Schools of the Past: Greene

In Chenango County as we are in the fait season it is timely to turn our attention to the south (not Florida) but to the southern central section of the county and look at the extensive history of the Town of Greene’s one-room schools. The Township of Greene has the distinction of having a total of twenty-five districts, both single and joint which will be the subject in the forthcoming weeks. The extensive research credit for this vast amount of information has to be given to Mildred English Folsom from her “Town of Greene – Rural School Districts.” Mrs. Folsom’s research was extensive to say the least and in the course of these articles, as the districts changed numbers it will be necessary to be repetitive in some cases. For all readers as the saying goes – “stay tuned.”

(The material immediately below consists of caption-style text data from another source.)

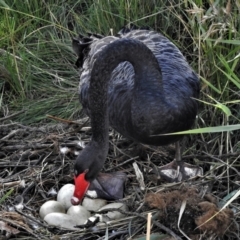 Cygnus atratus (Black Swan) at Tidbinbilla Nature Reserve - 3 Apr 2022 by JohnBundock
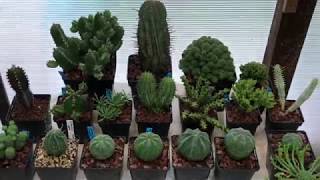 Euphorbia Collection EP09 [upl. by Conyers]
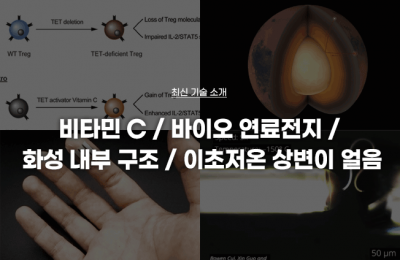 최신 기술 소개(비타민 C, 바이오 연료전지, 화성내부 구조, 이초저온 상변이 얼음)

With the incorporation of the Board of Regents in 1784, was the earliest beginning of the now vast educational system we have here in New York State. By 1789 (and this has been written in previous articles) the State Legislature had set aside two lots of public land for each town for Gospel and School purposes. When this bill became law and annual amount of $50,000 was appropriated for support of the schools, with money being apportioned among the counties accordion to their representation in the Legislature. With this monetary appropriation each county then divided its portion according to the number of taxable inhabitants. Each town then appropriated their portion among the school districts according to the number of day’s attendance by pupils resident in the district. “The Mounties raised half as much as they received from the State. At the end of three years, 1352 districts had been organized with a total registration of 59,600 pupils.” This constituted the start of our Common School system.
Moving forward to the year of 1805 the Legislature approved the appropriation of the proceeds of the sale of 500,000 acres of State land for school purposes. Yet another building block in the foundation of our Common School fund.
The first settlers to come to the area of Greene was in 1792 which was incidentally just three hundred years after Columbus “sailed the ocean blue” and set foot on what is now this great nation. Proceeding to the year of 1798 (6 years after) the first town meeting was held in Greene. At that time after proper procedure was followed (we assume) three School Commissioners were chosen: James Wiley – Nathaniel Kellog – and Jacob Pease. At that date the township had two log schoolhouses, the first opening in 1794 hear Chenango Forks (at Willard’s settlement) by Thomas Cartright, an Englishman, the second at East Greene in the northern part of the town in 1796 by Enoch Grey, who taught ten winters in succession near his father’s home which was approximately one-half mile of the hamlet of what we know today as Brisben, New York.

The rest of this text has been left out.